2. Immunity to system upgrades
Each new release of Metalib, from version 1 in 2001 to the upcoming release of version 4 at the end of 2006, has brought substantial interface changes. Any customizations libraries applied in previous versions were subsequently wiped out; in many cases rendering months of work to naught. Given limited resources, academic libraries can ill-afford to waste their time creating and re-creating interfaces from upgrade to upgrade.
The X-Server creates a layer of abstraction between the application layer (Metalib) and the presentation layer (your system). The upgrade to Metalib 4 this summer, for example, will have no impact on Xerxes at all. All of the hard work we’ve put into designing and customizing the interface will not have to be redone, ever. It’s time well spent, and allows us to invest our resources into additional improvements or integration with other systems.
1. Greater return on your investment
You’ve already spent a good amount of money on Metalib to give your library metasearch capabilities. But if you can’t get buy-in from your librarians, or your users find Metalib difficult to use, how much are you getting out of your investment?

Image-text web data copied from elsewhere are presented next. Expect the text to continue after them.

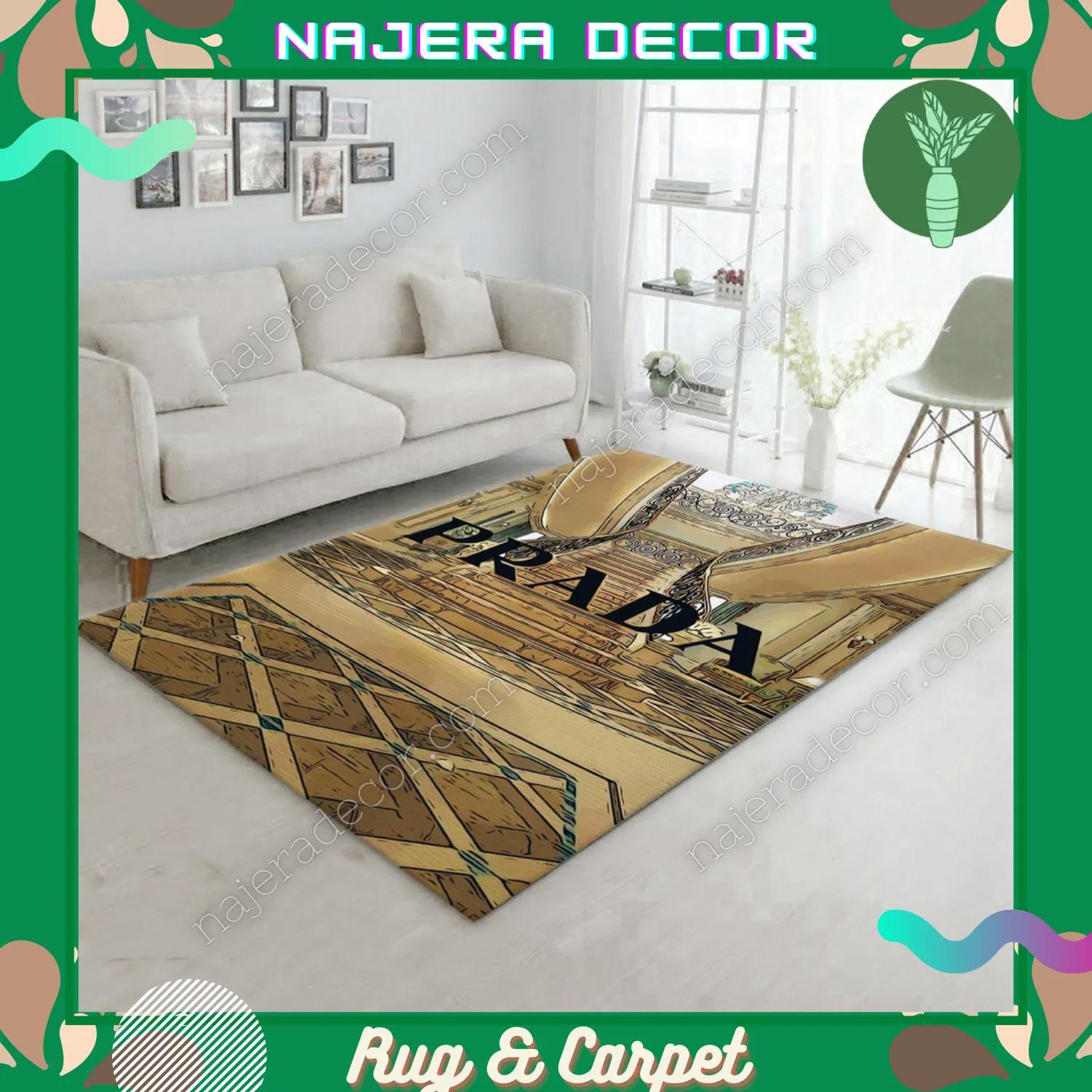 Rugs in living room and bedroom - Luxury prada rug for your home luxury and warmth with prada logo pattern 03 Rectangle Rug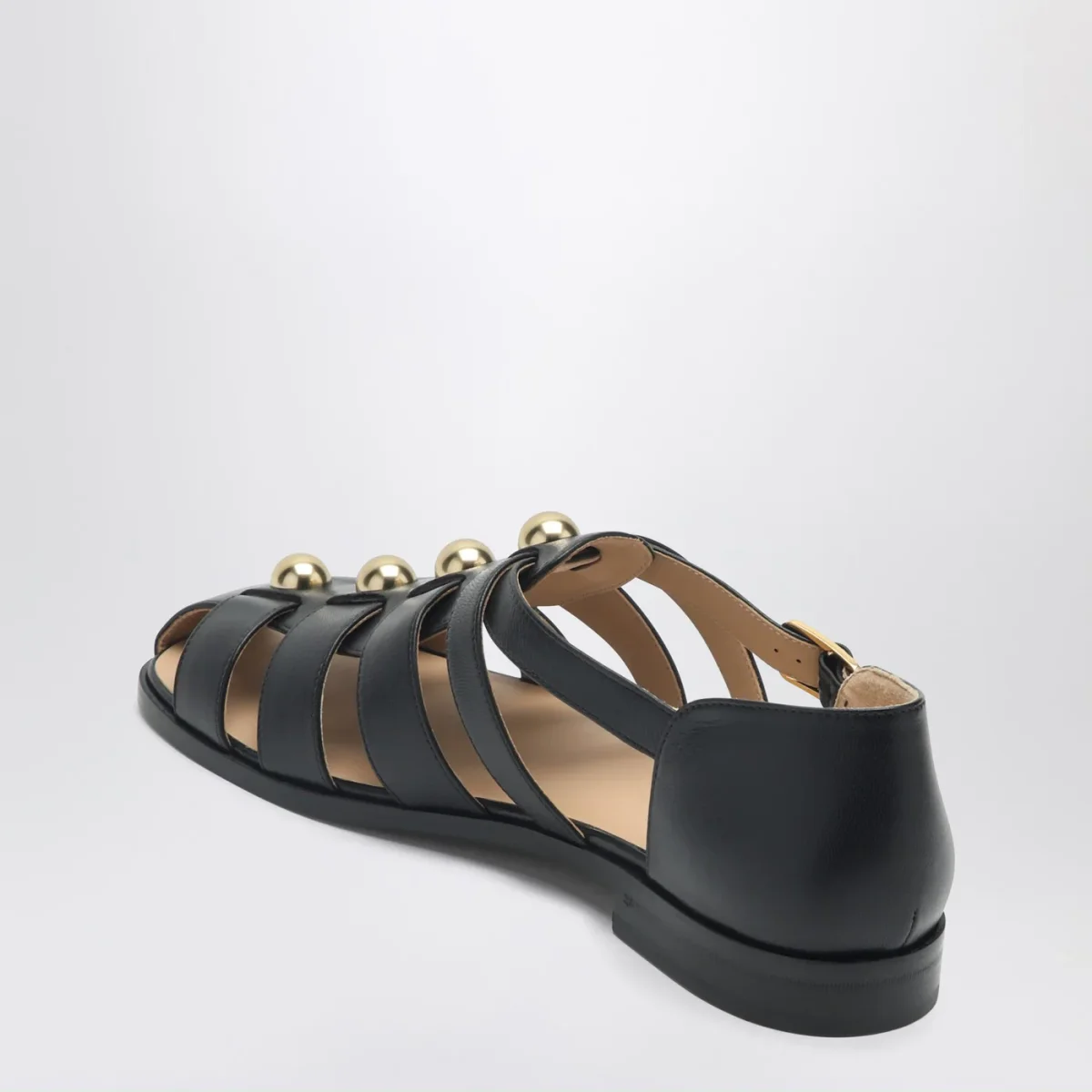 Sandalo Fisherman in pelle nero con borchie - Image 5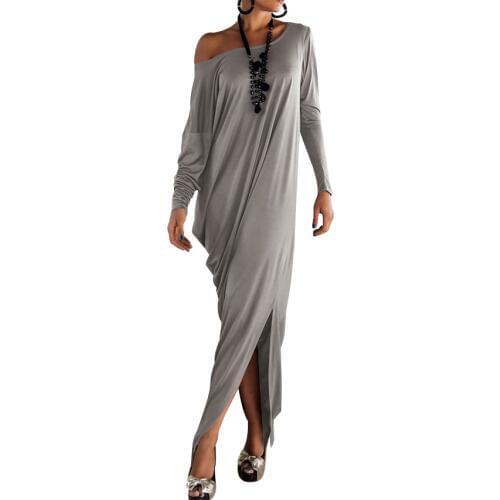 2016 New Arrival Sexy Black new autumn Long club Dress casual Cotton long sleeve Maxi ladies side slit dress Party dresses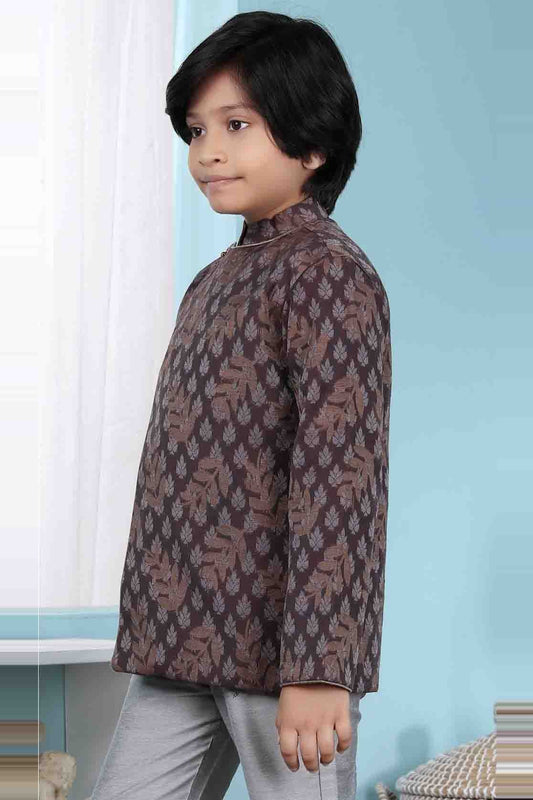 Brown Handloom Silk Jacket  NCBW10710741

Further, academic libraries spend 100s of thousands of dollars on collections each year. Yet, the disconnected nature of subscription databases leave many virtually unused.
If done right, the X-Serer allows you to design a more usable interface with enhanced functionality, allowing users to more easily discover and access underused library collections. It allows your developers to stop hacking and start designing; allows your librarians to stop teaching mechanics and start focusing on improving research skills.
Sound utopian? We’re already doing it now at Cal State.